Source records
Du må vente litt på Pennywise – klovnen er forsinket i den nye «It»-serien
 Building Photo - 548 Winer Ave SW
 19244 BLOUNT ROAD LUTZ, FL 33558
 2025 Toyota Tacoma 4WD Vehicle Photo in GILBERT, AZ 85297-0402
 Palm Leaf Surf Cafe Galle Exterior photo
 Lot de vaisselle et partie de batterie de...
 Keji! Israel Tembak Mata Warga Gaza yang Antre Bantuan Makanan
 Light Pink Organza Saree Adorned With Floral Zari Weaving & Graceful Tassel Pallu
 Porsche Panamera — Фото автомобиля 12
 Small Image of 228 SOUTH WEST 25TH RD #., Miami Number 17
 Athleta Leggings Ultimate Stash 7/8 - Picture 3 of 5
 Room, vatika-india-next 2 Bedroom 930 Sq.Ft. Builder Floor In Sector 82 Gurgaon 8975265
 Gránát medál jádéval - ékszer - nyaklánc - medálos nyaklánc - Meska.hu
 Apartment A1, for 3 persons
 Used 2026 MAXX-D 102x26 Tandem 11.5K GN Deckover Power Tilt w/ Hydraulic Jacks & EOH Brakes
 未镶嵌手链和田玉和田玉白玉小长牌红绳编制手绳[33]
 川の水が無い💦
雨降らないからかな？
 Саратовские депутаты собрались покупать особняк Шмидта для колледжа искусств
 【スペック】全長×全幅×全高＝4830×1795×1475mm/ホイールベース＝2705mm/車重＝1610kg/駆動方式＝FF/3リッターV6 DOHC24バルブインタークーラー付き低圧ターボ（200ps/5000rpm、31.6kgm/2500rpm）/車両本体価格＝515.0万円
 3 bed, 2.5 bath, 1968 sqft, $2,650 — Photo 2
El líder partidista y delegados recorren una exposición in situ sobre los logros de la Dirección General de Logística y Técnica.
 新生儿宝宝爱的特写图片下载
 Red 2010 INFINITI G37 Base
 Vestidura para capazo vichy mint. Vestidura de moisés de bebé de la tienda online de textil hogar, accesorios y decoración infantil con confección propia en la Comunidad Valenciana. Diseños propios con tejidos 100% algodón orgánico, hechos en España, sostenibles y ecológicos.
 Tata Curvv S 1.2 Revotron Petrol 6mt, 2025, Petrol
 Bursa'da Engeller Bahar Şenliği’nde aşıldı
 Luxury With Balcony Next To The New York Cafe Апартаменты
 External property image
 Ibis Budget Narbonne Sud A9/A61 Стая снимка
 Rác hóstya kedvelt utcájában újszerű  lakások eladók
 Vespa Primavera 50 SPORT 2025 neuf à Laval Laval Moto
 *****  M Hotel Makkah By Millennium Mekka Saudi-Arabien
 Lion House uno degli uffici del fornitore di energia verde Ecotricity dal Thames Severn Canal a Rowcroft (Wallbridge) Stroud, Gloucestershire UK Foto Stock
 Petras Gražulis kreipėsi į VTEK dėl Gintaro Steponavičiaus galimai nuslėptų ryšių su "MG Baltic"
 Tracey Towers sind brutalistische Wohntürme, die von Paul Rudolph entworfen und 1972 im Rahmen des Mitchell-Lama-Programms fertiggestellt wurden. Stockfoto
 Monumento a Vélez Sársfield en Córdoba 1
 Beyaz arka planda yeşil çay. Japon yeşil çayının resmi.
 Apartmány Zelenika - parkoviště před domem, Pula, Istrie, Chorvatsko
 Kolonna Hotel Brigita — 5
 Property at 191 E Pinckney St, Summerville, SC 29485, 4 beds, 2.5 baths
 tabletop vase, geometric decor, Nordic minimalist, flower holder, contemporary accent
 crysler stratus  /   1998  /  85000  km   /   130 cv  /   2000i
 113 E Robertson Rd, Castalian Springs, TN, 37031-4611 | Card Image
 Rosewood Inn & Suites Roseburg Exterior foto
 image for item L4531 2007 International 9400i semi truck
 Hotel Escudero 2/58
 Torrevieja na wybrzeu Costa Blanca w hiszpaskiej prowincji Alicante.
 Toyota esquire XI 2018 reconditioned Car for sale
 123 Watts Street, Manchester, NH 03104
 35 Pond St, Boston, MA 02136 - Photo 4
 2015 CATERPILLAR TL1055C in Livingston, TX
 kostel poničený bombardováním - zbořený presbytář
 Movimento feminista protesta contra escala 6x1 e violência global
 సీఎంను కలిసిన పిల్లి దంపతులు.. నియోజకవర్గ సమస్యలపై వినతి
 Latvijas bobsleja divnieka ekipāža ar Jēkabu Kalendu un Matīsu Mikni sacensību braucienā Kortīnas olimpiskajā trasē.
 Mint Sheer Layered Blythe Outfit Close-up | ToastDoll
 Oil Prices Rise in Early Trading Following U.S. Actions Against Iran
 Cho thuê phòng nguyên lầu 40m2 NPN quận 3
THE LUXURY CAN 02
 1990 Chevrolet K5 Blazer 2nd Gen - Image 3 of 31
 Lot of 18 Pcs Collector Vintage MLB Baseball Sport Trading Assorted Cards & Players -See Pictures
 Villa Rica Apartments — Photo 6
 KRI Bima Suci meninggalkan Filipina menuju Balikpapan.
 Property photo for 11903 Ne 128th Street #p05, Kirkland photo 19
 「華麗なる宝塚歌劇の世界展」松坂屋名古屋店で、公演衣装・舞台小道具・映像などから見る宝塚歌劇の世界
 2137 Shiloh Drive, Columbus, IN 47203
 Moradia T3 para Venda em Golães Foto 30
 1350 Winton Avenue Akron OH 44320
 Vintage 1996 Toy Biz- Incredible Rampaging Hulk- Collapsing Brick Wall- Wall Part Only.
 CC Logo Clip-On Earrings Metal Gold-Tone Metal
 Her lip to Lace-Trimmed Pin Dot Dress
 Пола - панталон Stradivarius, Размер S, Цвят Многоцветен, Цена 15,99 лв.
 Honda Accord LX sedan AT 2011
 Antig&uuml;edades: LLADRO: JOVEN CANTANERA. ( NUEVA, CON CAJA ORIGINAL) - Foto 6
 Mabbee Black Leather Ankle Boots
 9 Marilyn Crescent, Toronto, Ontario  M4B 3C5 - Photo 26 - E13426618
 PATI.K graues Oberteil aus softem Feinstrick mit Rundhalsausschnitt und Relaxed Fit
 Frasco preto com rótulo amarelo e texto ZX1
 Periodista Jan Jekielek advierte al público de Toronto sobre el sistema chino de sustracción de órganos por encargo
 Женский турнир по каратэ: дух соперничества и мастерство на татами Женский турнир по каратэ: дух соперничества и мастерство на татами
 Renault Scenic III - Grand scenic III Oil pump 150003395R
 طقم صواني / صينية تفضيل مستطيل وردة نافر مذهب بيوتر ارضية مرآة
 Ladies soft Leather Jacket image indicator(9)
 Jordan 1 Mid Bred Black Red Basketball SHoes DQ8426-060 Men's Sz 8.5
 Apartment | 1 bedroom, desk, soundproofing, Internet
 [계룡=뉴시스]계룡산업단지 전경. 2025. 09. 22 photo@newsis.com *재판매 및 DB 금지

### Work required
Without leaving anything out, give the entries again exactly.

### Solution for this problem
Du må vente litt på Pennywise – klovnen er forsinket i den nye «It»-serien
 Building Photo - 548 Winer Ave SW
 19244 BLOUNT ROAD LUTZ, FL 33558
 2025 Toyota Tacoma 4WD Vehicle Photo in GILBERT, AZ 85297-0402
 Palm Leaf Surf Cafe Galle Exterior photo
 Lot de vaisselle et partie de batterie de...
 Keji! Israel Tembak Mata Warga Gaza yang Antre Bantuan Makanan
 Light Pink Organza Saree Adorned With Floral Zari Weaving & Graceful Tassel Pallu
 Porsche Panamera — Фото автомобиля 12
 Small Image of 228 SOUTH WEST 25TH RD #., Miami Number 17
 Athleta Leggings Ultimate Stash 7/8 - Picture 3 of 5
 Room, vatika-india-next 2 Bedroom 930 Sq.Ft. Builder Floor In Sector 82 Gurgaon 8975265
 Gránát medál jádéval - ékszer - nyaklánc - medálos nyaklánc - Meska.hu
 Apartment A1, for 3 persons
 Used 2026 MAXX-D 102x26 Tandem 11.5K GN Deckover Power Tilt w/ Hydraulic Jacks & EOH Brakes
 未镶嵌手链和田玉和田玉白玉小长牌红绳编制手绳[33]
 川の水が無い💦
雨降らないからかな？
 Саратовские депутаты собрались покупать особняк Шмидта для колледжа искусств
 【スペック】全長×全幅×全高＝4830×1795×1475mm/ホイールベース＝2705mm/車重＝1610kg/駆動方式＝FF/3リッターV6 DOHC24バルブインタークーラー付き低圧ターボ（200ps/5000rpm、31.6kgm/2500rpm）/車両本体価格＝515.0万円
 3 bed, 2.5 bath, 1968 sqft, $2,650 — Photo 2
El líder partidista y delegados recorren una exposición in situ sobre los logros de la Dirección General de Logística y Técnica.
 新生儿宝宝爱的特写图片下载
 Red 2010 INFINITI G37 Base
 Vestidura para capazo vichy mint. Vestidura de moisés de bebé de la tienda online de textil hogar, accesorios y decoración infantil con confección propia en la Comunidad Valenciana. Diseños propios con tejidos 100% algodón orgánico, hechos en España, sostenibles y ecológicos.
 Tata Curvv S 1.2 Revotron Petrol 6mt, 2025, Petrol
 Bursa'da Engeller Bahar Şenliği’nde aşıldı
 Luxury With Balcony Next To The New York Cafe Апартаменты
 External property image
 Ibis Budget Narbonne Sud A9/A61 Стая снимка
 Rác hóstya kedvelt utcájában újszerű  lakások eladók
 Vespa Primavera 50 SPORT 2025 neuf à Laval Laval Moto
 *****  M Hotel Makkah By Millennium Mekka Saudi-Arabien
 Lion House uno degli uffici del fornitore di energia verde Ecotricity dal Thames Severn Canal a Rowcroft (Wallbridge) Stroud, Gloucestershire UK Foto Stock
 Petras Gražulis kreipėsi į VTEK dėl Gintaro Steponavičiaus galimai nuslėptų ryšių su "MG Baltic"
 Tracey Towers sind brutalistische Wohntürme, die von Paul Rudolph entworfen und 1972 im Rahmen des Mitchell-Lama-Programms fertiggestellt wurden. Stockfoto
 Monumento a Vélez Sársfield en Córdoba 1
 Beyaz arka planda yeşil çay. Japon yeşil çayının resmi.
 Apartmány Zelenika - parkoviště před domem, Pula, Istrie, Chorvatsko
 Kolonna Hotel Brigita — 5
 Property at 191 E Pinckney St, Summerville, SC 29485, 4 beds, 2.5 baths
 tabletop vase, geometric decor, Nordic minimalist, flower holder, contemporary accent
 crysler stratus  /   1998  /  85000  km   /   130 cv  /   2000i
 113 E Robertson Rd, Castalian Springs, TN, 37031-4611 | Card Image
 Rosewood Inn & Suites Roseburg Exterior foto
 image for item L4531 2007 International 9400i semi truck
 Hotel Escudero 2/58
 Torrevieja na wybrzeu Costa Blanca w hiszpaskiej prowincji Alicante.
 Toyota esquire XI 2018 reconditioned Car for sale
 123 Watts Street, Manchester, NH 03104
 35 Pond St, Boston, MA 02136 - Photo 4
 2015 CATERPILLAR TL1055C in Livingston, TX
 kostel poničený bombardováním - zbořený presbytář
 Movimento feminista protesta contra escala 6x1 e violência global
 సీఎంను కలిసిన పిల్లి దంపతులు.. నియోజకవర్గ సమస్యలపై వినతి
 Latvijas bobsleja divnieka ekipāža ar Jēkabu Kalendu un Matīsu Mikni sacensību braucienā Kortīnas olimpiskajā trasē.
 Mint Sheer Layered Blythe Outfit Close-up | ToastDoll
 Oil Prices Rise in Early Trading Following U.S. Actions Against Iran
 Cho thuê phòng nguyên lầu 40m2 NPN quận 3
THE LUXURY CAN 02
 1990 Chevrolet K5 Blazer 2nd Gen - Image 3 of 31
 Lot of 18 Pcs Collector Vintage MLB Baseball Sport Trading Assorted Cards & Players -See Pictures
 Villa Rica Apartments — Photo 6
 KRI Bima Suci meninggalkan Filipina menuju Balikpapan.
 Property photo for 11903 Ne 128th Street #p05, Kirkland photo 19
 「華麗なる宝塚歌劇の世界展」松坂屋名古屋店で、公演衣装・舞台小道具・映像などから見る宝塚歌劇の世界
 2137 Shiloh Drive, Columbus, IN 47203
 Moradia T3 para Venda em Golães Foto 30
 1350 Winton Avenue Akron OH 44320
 Vintage 1996 Toy Biz- Incredible Rampaging Hulk- Collapsing Brick Wall- Wall Part Only.
 CC Logo Clip-On Earrings Metal Gold-Tone Metal
 Her lip to Lace-Trimmed Pin Dot Dress
 Пола - панталон Stradivarius, Размер S, Цвят Многоцветен, Цена 15,99 лв.
 Honda Accord LX sedan AT 2011
 Antig&uuml;edades: LLADRO: JOVEN CANTANERA. ( NUEVA, CON CAJA ORIGINAL) - Foto 6
 Mabbee Black Leather Ankle Boots
 9 Marilyn Crescent, Toronto, Ontario  M4B 3C5 - Photo 26 - E13426618
 PATI.K graues Oberteil aus softem Feinstrick mit Rundhalsausschnitt und Relaxed Fit
 Frasco preto com rótulo amarelo e texto ZX1
 Periodista Jan Jekielek advierte al público de Toronto sobre el sistema chino de sustracción de órganos por encargo
 Женский турнир по каратэ: дух соперничества и мастерство на татами Женский турнир по каратэ: дух соперничества и мастерство на татами
 Renault Scenic III - Grand scenic III Oil pump 150003395R
 طقم صواني / صينية تفضيل مستطيل وردة نافر مذهب بيوتر ارضية مرآة
 Ladies soft Leather Jacket image indicator(9)
 Jordan 1 Mid Bred Black Red Basketball SHoes DQ8426-060 Men's Sz 8.5
 Apartment | 1 bedroom, desk, soundproofing, Internet
 [계룡=뉴시스]계룡산업단지 전경. 2025. 09. 22 photo@newsis.com *재판매 및 DB 금지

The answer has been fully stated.